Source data

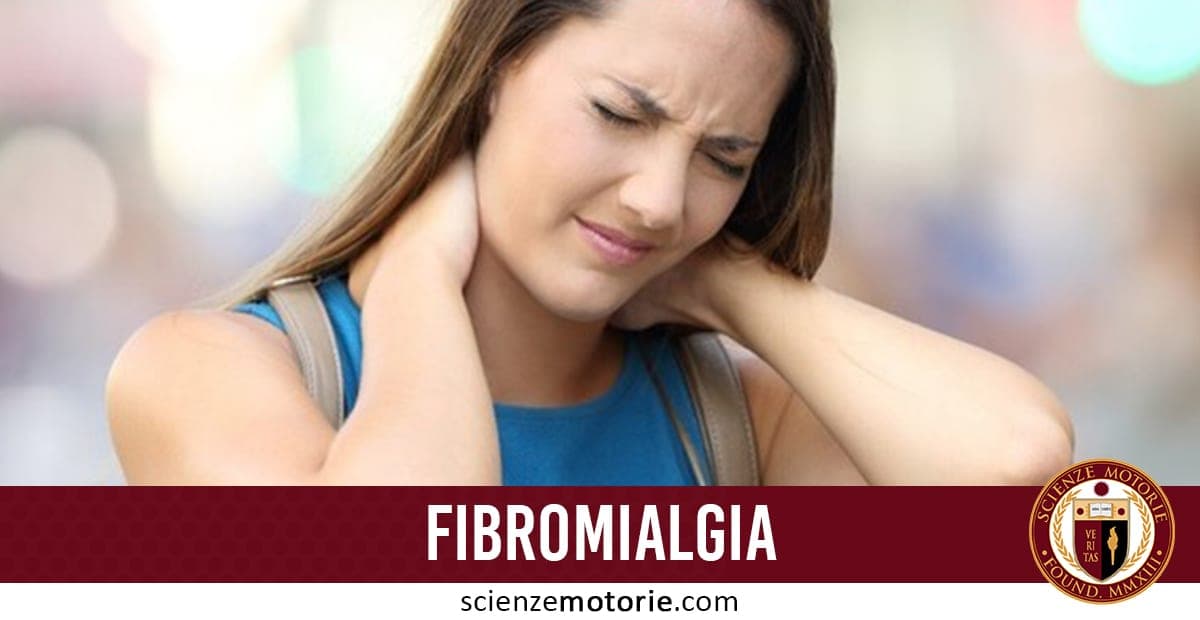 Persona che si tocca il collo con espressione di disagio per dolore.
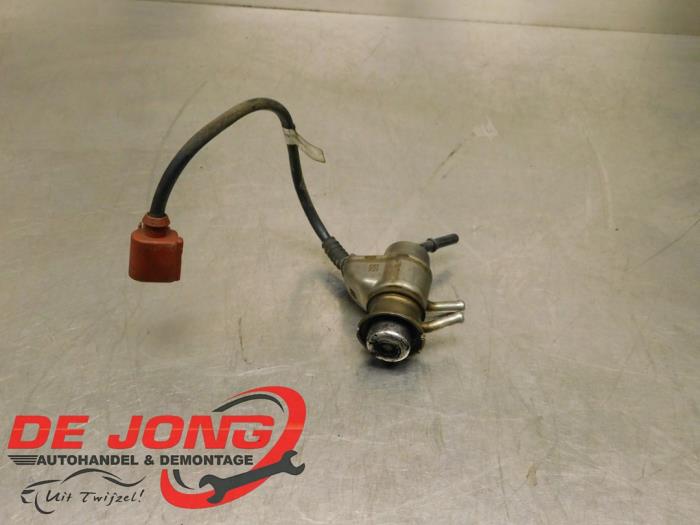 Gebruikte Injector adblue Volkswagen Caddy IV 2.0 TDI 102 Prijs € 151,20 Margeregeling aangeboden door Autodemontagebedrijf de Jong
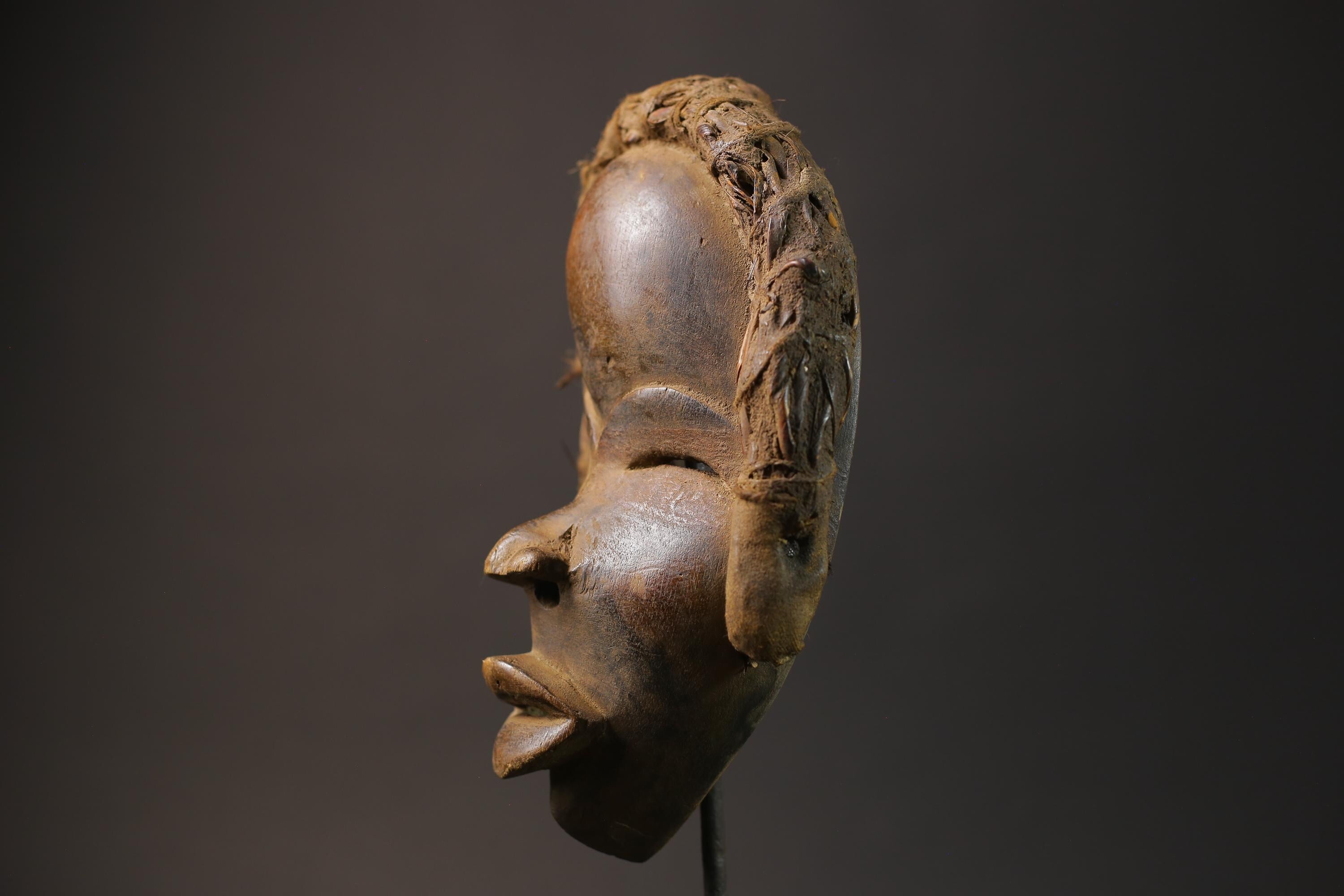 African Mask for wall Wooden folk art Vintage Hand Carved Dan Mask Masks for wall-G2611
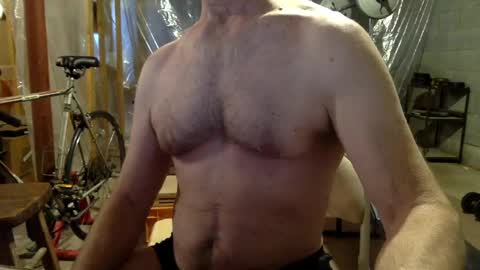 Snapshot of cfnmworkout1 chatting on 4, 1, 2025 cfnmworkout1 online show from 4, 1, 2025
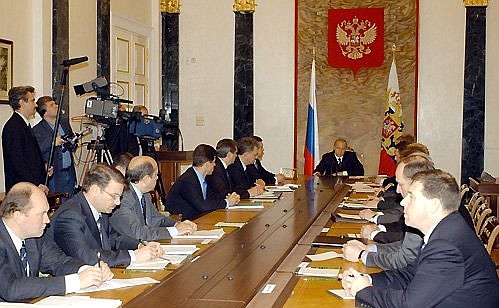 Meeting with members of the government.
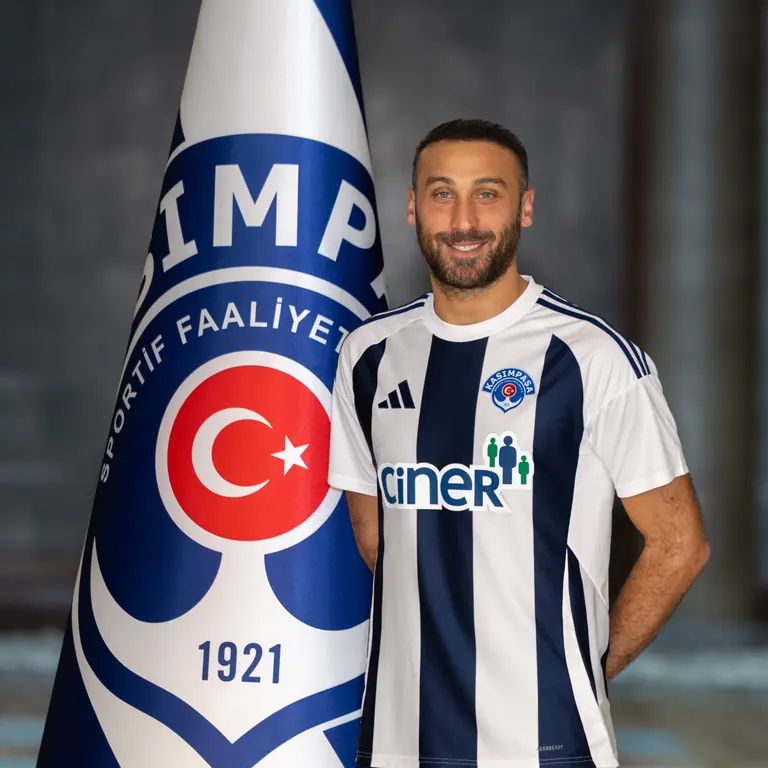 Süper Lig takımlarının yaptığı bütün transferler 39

◆ WORK ITEM ◆
Output the lines, exactly: the first line of the entries above, every line after it, and the line with "Gebruikte Injector adblue" as the last. No pictures.

◆ EXERCISE OUTPUT ◆
 Persona che si tocca il collo con espressione di disagio per dolore.
 Gebruikte Injector adblue Volkswagen Caddy IV 2.0 TDI 102 Prijs € 151,20 Margeregeling aangeboden door Autodemontagebedrijf de Jong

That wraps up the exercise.